# During missile defense talk, Obama tells Medvedev he'll have 'more flexibility' after election



## kwflatbed (Dec 29, 2004)

Obama tells Russian President Dmitry Medvedev that 'after my election, I have more flexibility,' in regards to a debate over US missile defense shield plans in Europe, which Russia has voiced concerns about.


----------



## cc3915 (Mar 26, 2004)

Treasonous


----------



## Johnny Law (Aug 8, 2008)

Quite full of himself, isn't he?


----------



## CJIS (Mar 12, 2005)

So what the hell does that mean? The election will be fixed?


----------



## Guest (Mar 26, 2012)

CJIS said:


> So what the hell does that mean? The election will be fixed?

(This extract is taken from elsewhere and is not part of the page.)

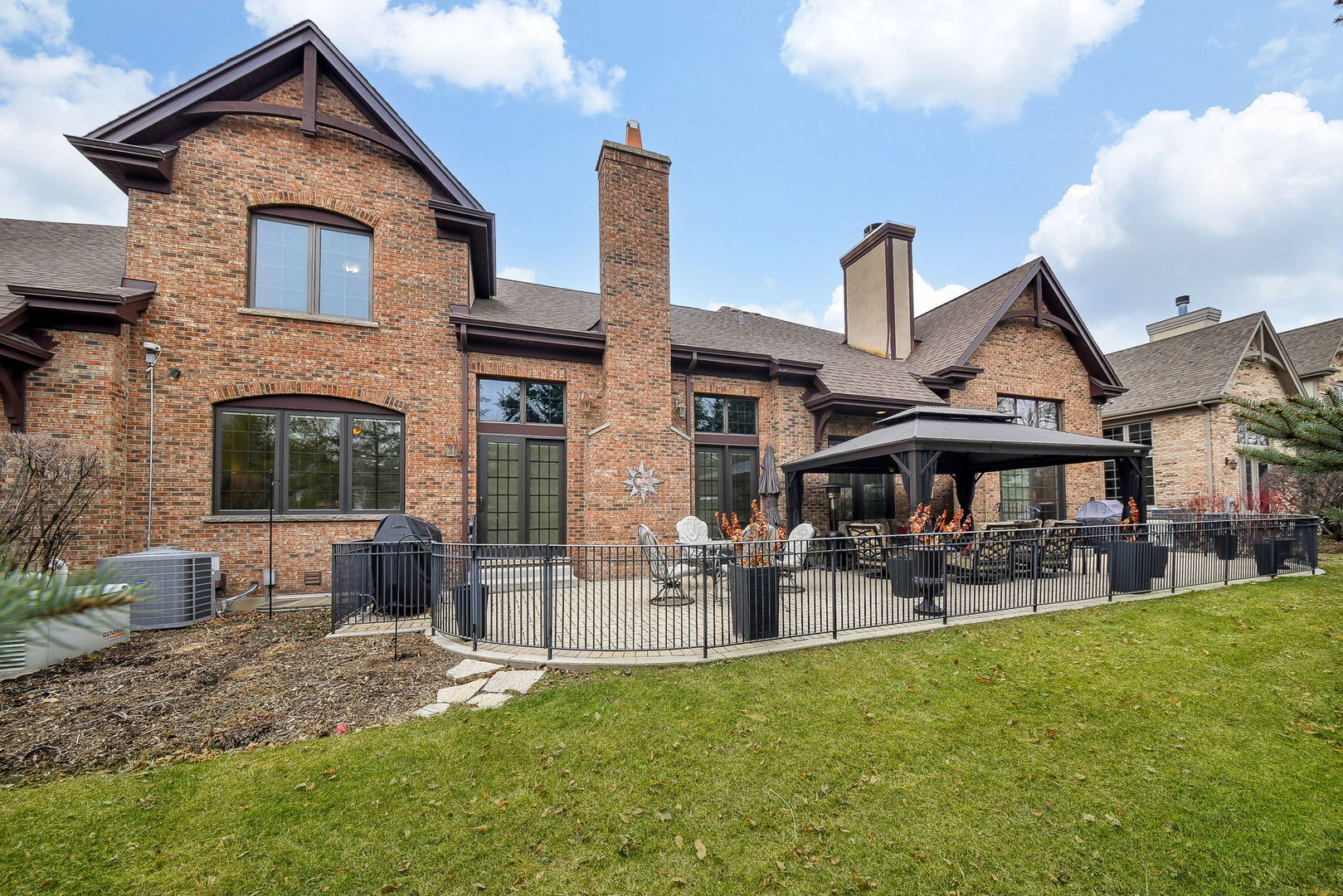 2009 Mackenzie Place Wheaton IL 60187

No, he's just that arrogant to believe he won't lose.


----------



## HistoryHound (Aug 30, 2008)

I'm hoping he does have more flexibility and a much more open schedule once they're done unpacking in their new house.


----------



## SgtAndySipowicz (Mar 17, 2008)

_*Scary stuff..... Obama is in bed with Russia. Shouldn't come as a huge surprise however, with his socialist/communist/activist past. I am becoming more and more convinced that Obama wants the USA to collapse. I pray he is a one-termer........*_


----------



## Guest (Mar 26, 2012)

Don't count your chickens, Obama.

Sent from my DROID RAZR using Tapatalk


----------



## Dan Stark (Aug 2, 2005)

He'll need that flexibility if he's going to be able to continue bending over backwards for everyone 

Sent from my Incredible 2 using Tapatalk


----------



## kwflatbed (Dec 29, 2004)

*Obama Makes Light Of, Clarifies Hot Mic Moment*


Obama speaks out about 'flexibility' comments made to Russian President picked up by an open mic

*VIDEO: Obama Jokes With Medvedev Over Open Mic Incident *


----------



## RodneyFarva (Jan 18, 2007)

USMCMP5811 said:


> Joke my ass! This fuckwad is doing everything he can to bring down this country from within.

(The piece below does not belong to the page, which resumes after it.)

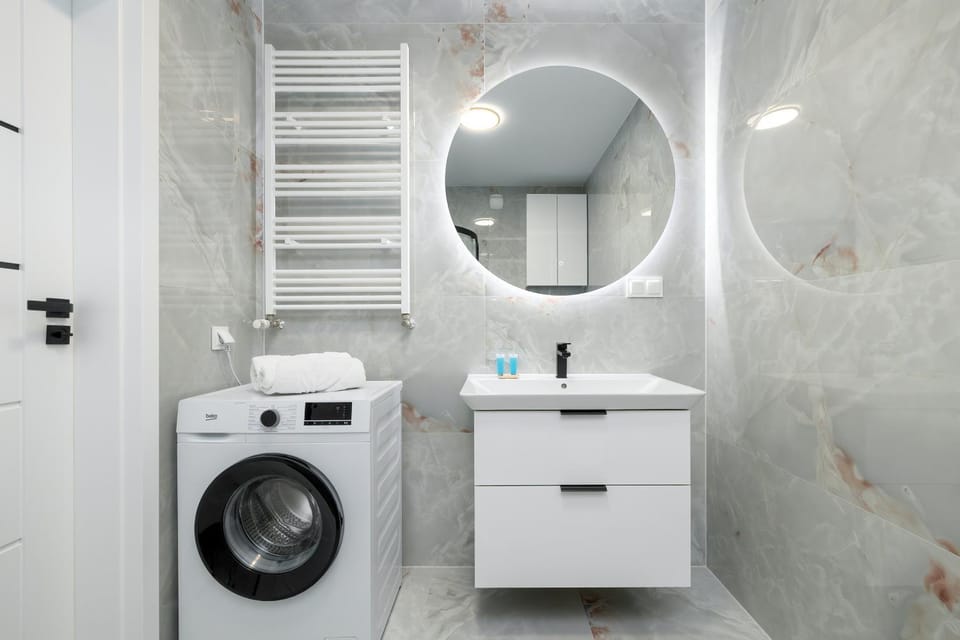 Shower, Bathroom, towels, washing machine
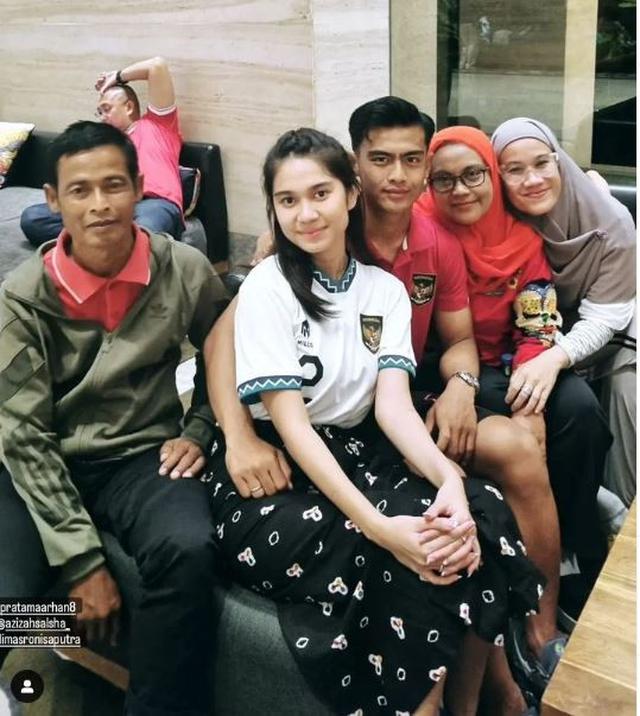 Potret kenangan mendiang ayah Pratama Arhan, penuh kesederhanaan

"America will fall without a shot being fired. It will fall from within." -Nikita Khrushchev


----------



## Guest (Mar 27, 2012)

I am just as sure as Obama that he will have plenty time to talk about lots of things, since after the election he will be unemployed.


----------



## DEI8 (Jan 20, 2006)

Just more proof that he wants to fundamentally change the way the USA works. He wants to completely disreguard the constitution written by our forefathers and create a country that resembles Europe. HE must be unemployed come November.


----------



## Guest (Mar 27, 2012)

DEI8 said:


> Just more proof that he wants to fundamentally change the way the USA works. He wants to completely disreguard the constitution written by our forefathers and create a country that resembles Europe. HE must be unemployed come November.


Right, because things in Europe are so wonderful right now.


----------



## USAF286 (May 20, 2011)




----------